Summary- paper 54: TFasting-induced RNF152 resensitizes gallbladder cancer cells to gemcitabine by inhibiting mTORC1-mediated glycolysis

Ying Tao,Zijun Gong,Sheng Shen,Yaqi Ding,Rui Zan,Bohao Zheng,Wentao Sun,Chaolin Ma, Mengxuan Shu,Xiao Lu, Han Liu,Xiaoling Ni,Houbao Liu,and Tao Suo

Questions/gaps addressed:

Gallbladder cancer has poor prognosis, often detected after metastasis. Fasting leads to reduced proliferation of cancer cells presumably by inhibiting AKT/mTOR signaling to prevent the Warburg shift and enhance cancer cell sensitivity to chemotherapy.
RNF152 was found in a genome-wide CRISPR-Cas9screen to identify genes involved in gemcitabine resistance in Gallbladder cancer. RNF152 is downregulated in several biliary tract cancers. What is the relationship between RNF152, mTORC1, p18/LAMTOR1, and gemcitabine resistance?

Major hypotheses:

Fasting upregulates the expression of RNF152 which targets p18/LAMTOR1 to inhibit the activity of mTORC1, reducing the activity of p-4E-BP1 and pS6K1, and thereby increase the sensitivity of gallbladder cancer cells to gemcitabine.

Key methods:

Human Gallbladder cancer cell lines (GBC-SD and SGC-996).
Short-term starvation (STS): fasting mimic medium (glucose-free DMEM supplemented with 0.5 g/L glucose and 1% FBS) for 48 h.

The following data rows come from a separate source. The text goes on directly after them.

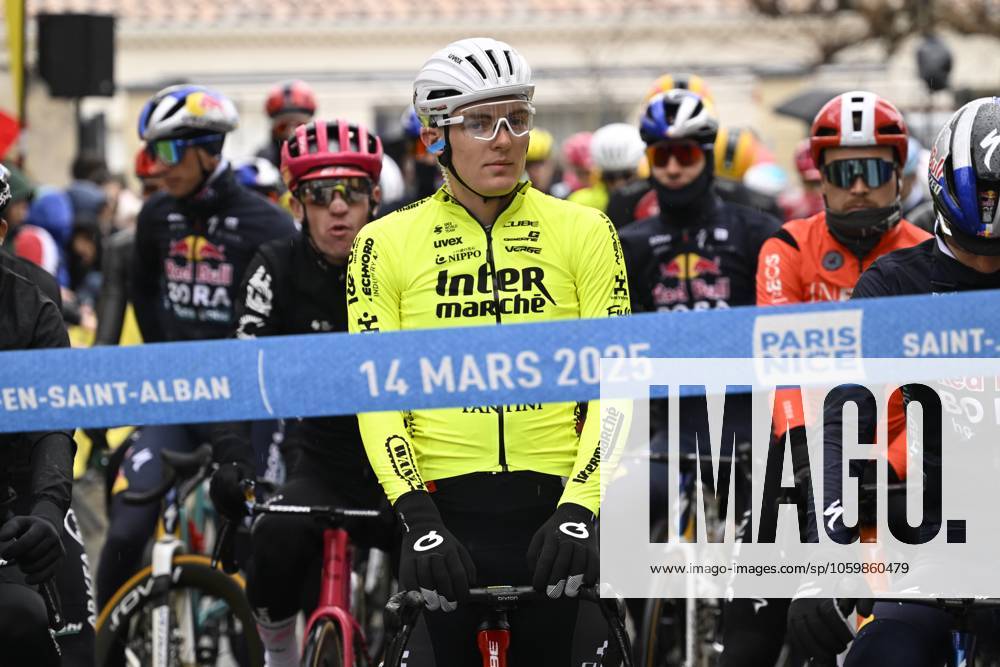 Paris - Nice 2025 - stage 6 BERRE L ETANG, FRANCE - MARCH 14 : Zimmermann Georg (GER) of Intermarche - Wanty during stage 6 of the 83th edition of the Paris - Nice cycling race, a stage of 209,8km with start in Saint-Julien-en-Saint-Alban and finish in Berre L Etang on March 14, 2025 in Berre L Etang, France, 14 03 2025 ( Motordriver Kenny Verfaillie - Berre L Etang France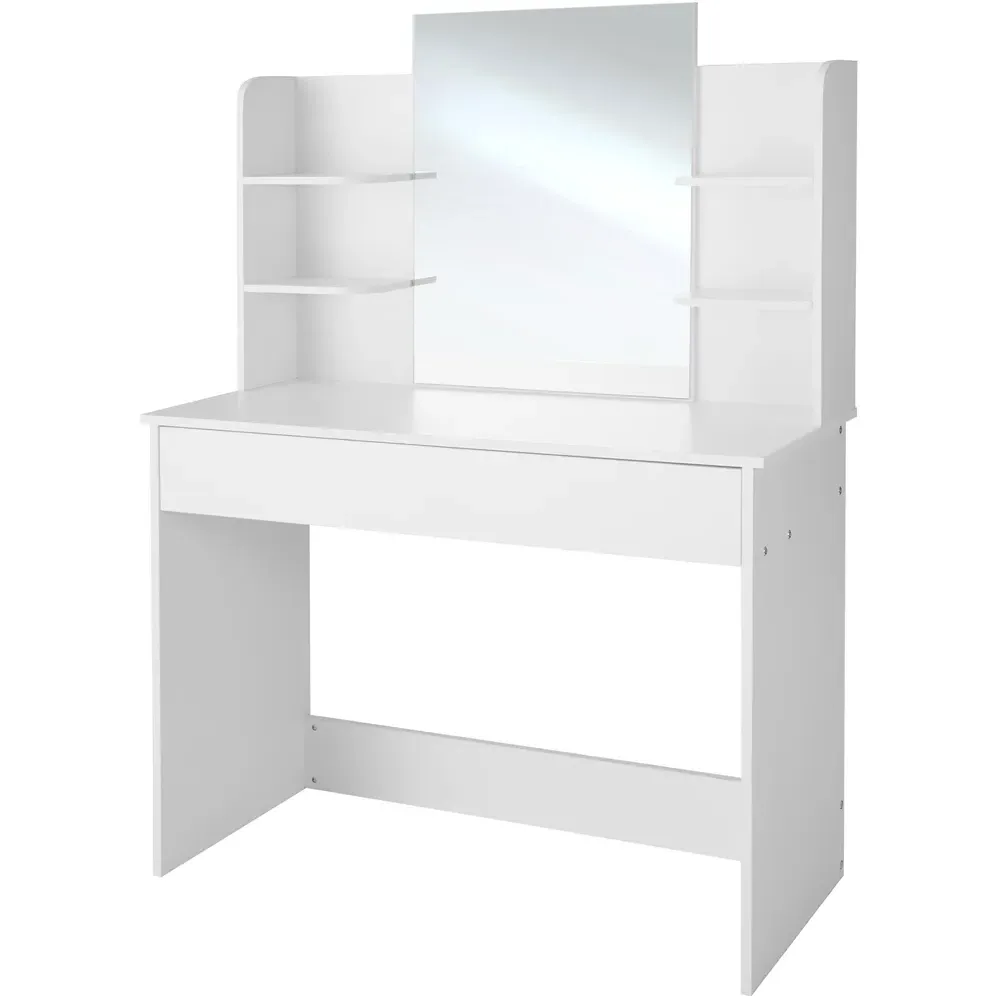 Camille Single Drawer Dressing Table with Mirror - White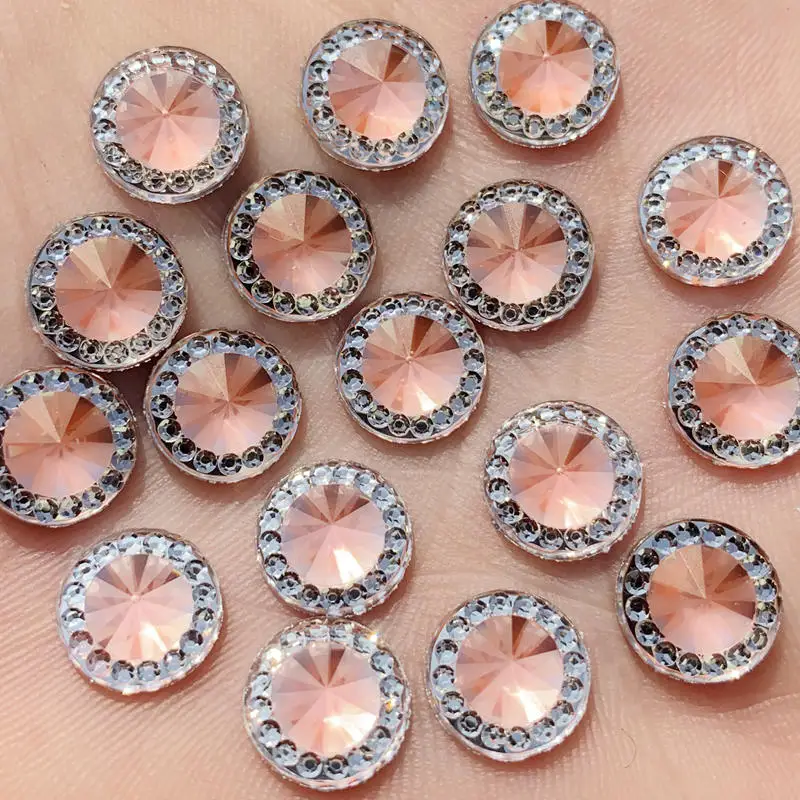 

DIY 400PCS Resin Rhinestone Round Flat Back stones and crystal trim Gems For Costume Button Crafts 10mm -A334*5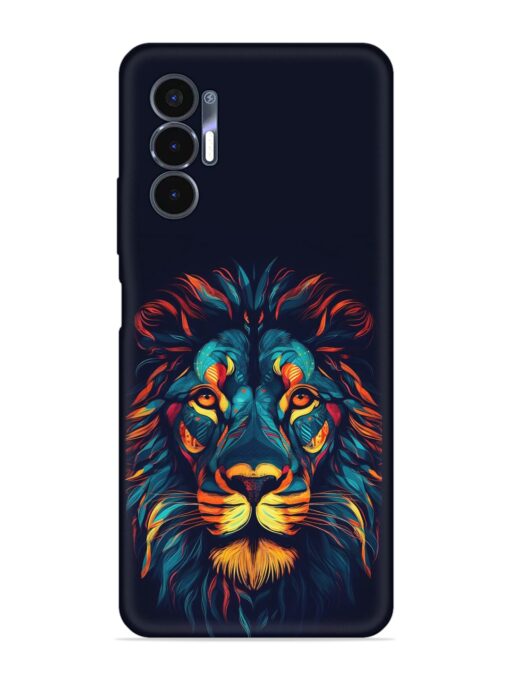 Colorful Lion Embossed Soft Silicone Case for Tecno Pova 3 Zapvi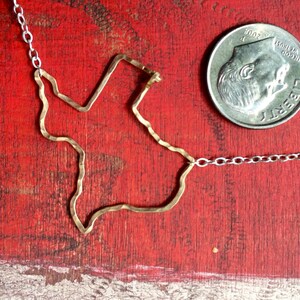"Gehämmerte Gold Filled Texas State Halskette, Argentium Silberkette."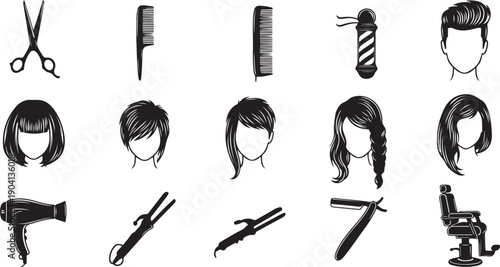 Black and white hairdressing hairstyle barber salon scissors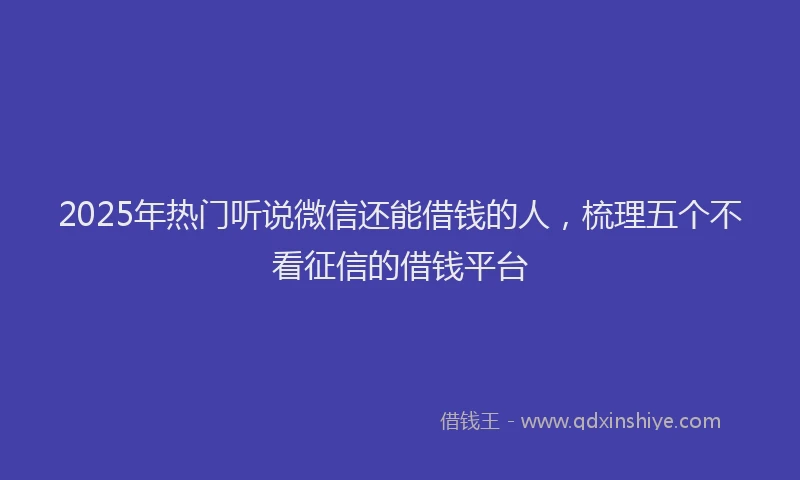 2025年热门听说微信还能借钱的人，梳理五个不看征信的借钱平台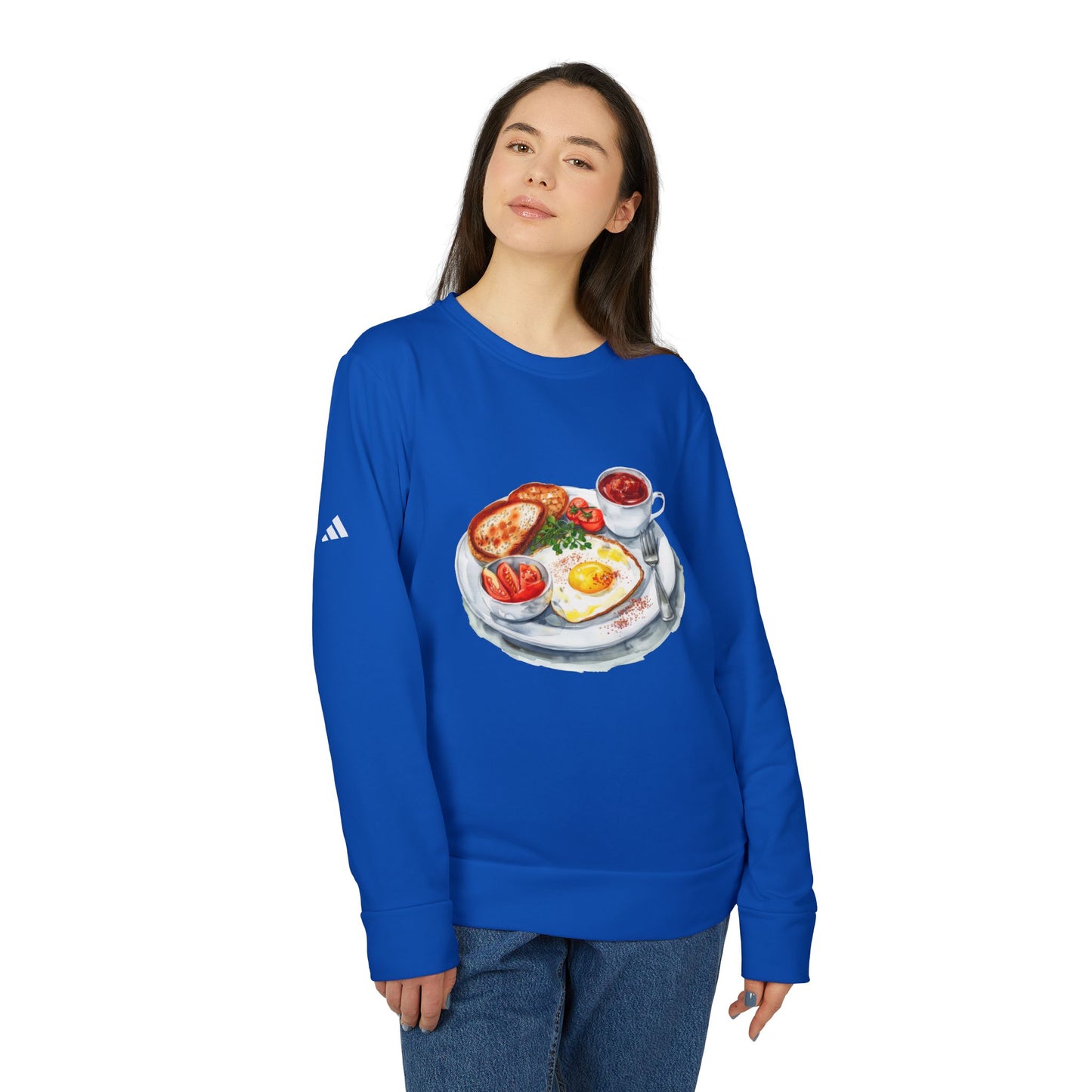 Adidas Unisex Fleece Crewneck Sweatshirt - Breakfast Vibes Art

Normal control media: DMEM with 10% fetal bovine serum.

Major takeaways:

When RNF152 is inhibited, levels of p18/LAMTOR1 increase. Addition of proteasome inhibitor, MG132 (10 mM), but not lysosome inhibitor, bafilomycin A1 (BafA, 100 nM, a V-ATPase inhibitor), stabilized p18, suggesting p18 is degraded by the proteasome. Lower levels of p18 also correlate with, lower mTORC1 activity, lower glycolysis, and reduced cell growth.